PROBLEM TO WORK ON: Set the data down exactly as it stands, and keep its pictures out.

AVAILABLE DATA:
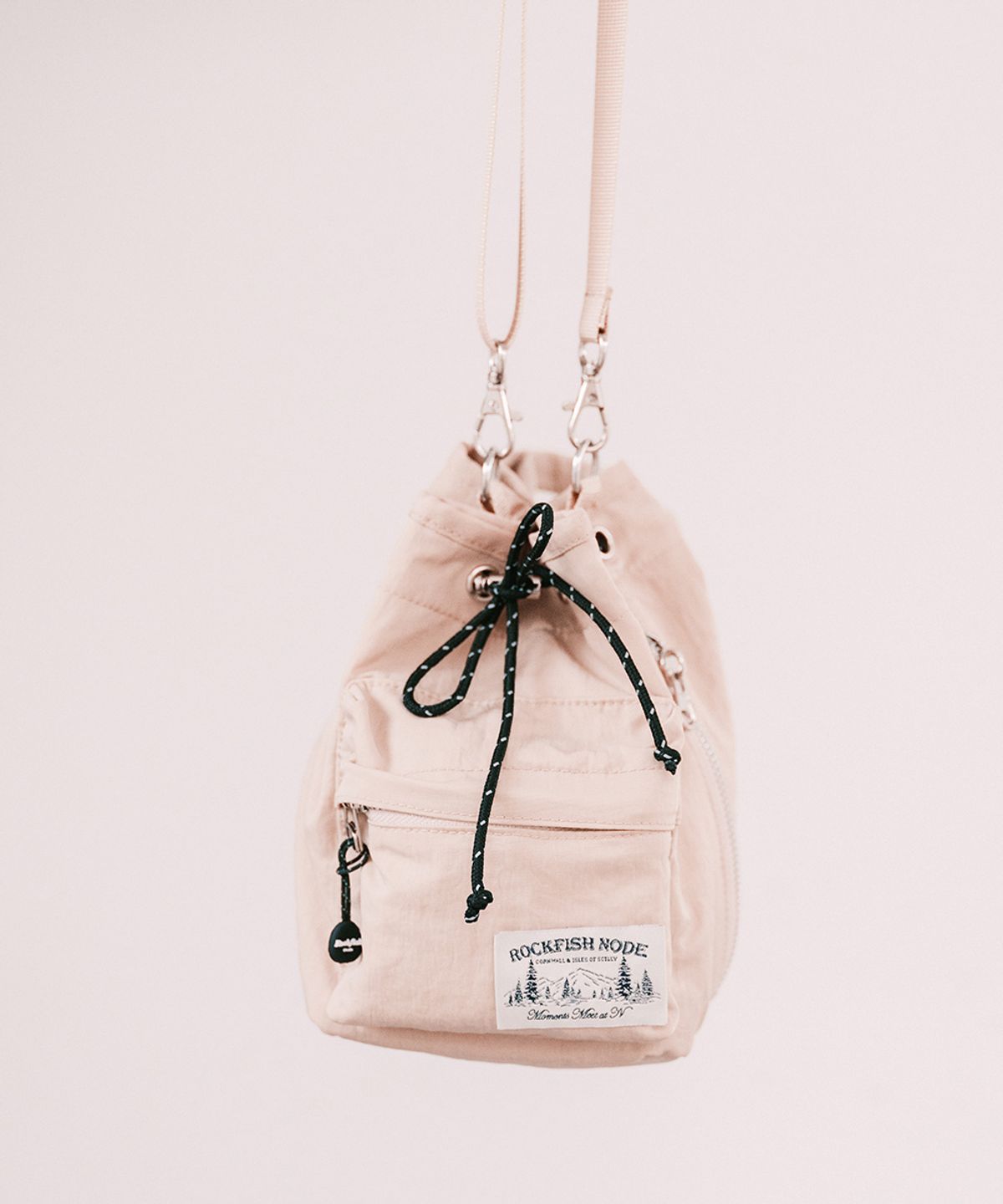 락피쉬웨더웨어(ROCKFISH WEATHERWEAR) NYLON DRAWSTRING MINI BAG - 4 colors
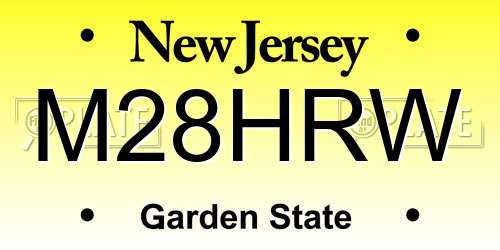M28HRW New Jersey License Plate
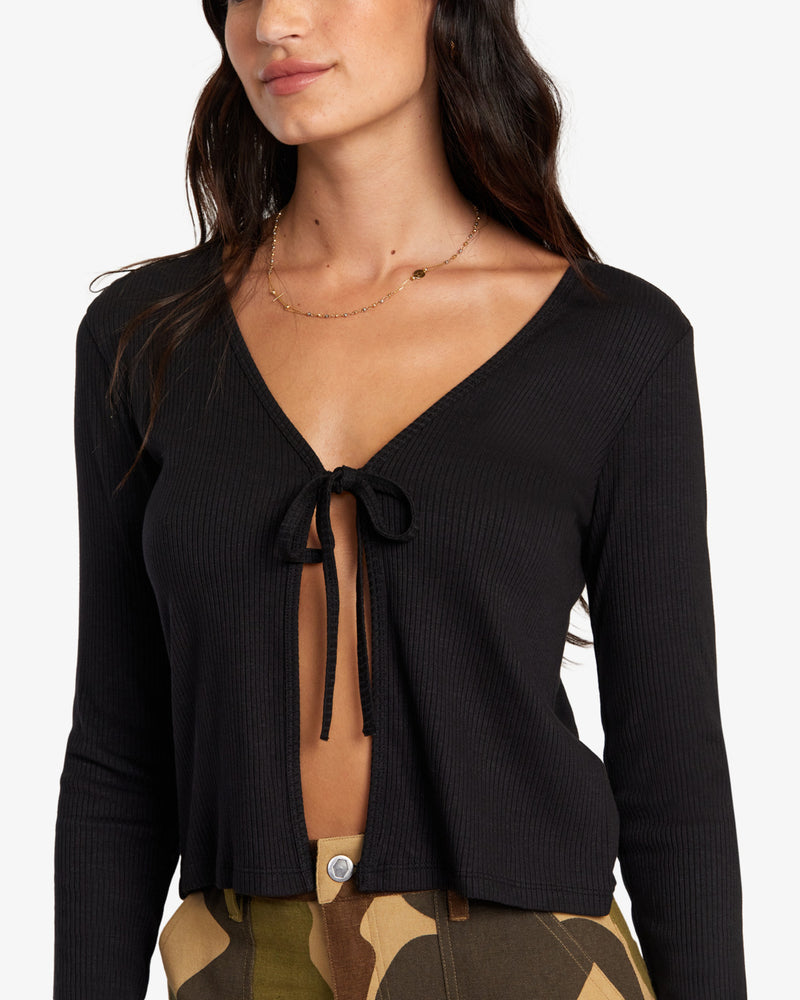 RVCA Womens Love Me Long Sleeve Top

OUTPUT:
 락피쉬웨더웨어(ROCKFISH WEATHERWEAR) NYLON DRAWSTRING MINI BAG - 4 colors
M28HRW New Jersey License Plate
 RVCA Womens Love Me Long Sleeve Top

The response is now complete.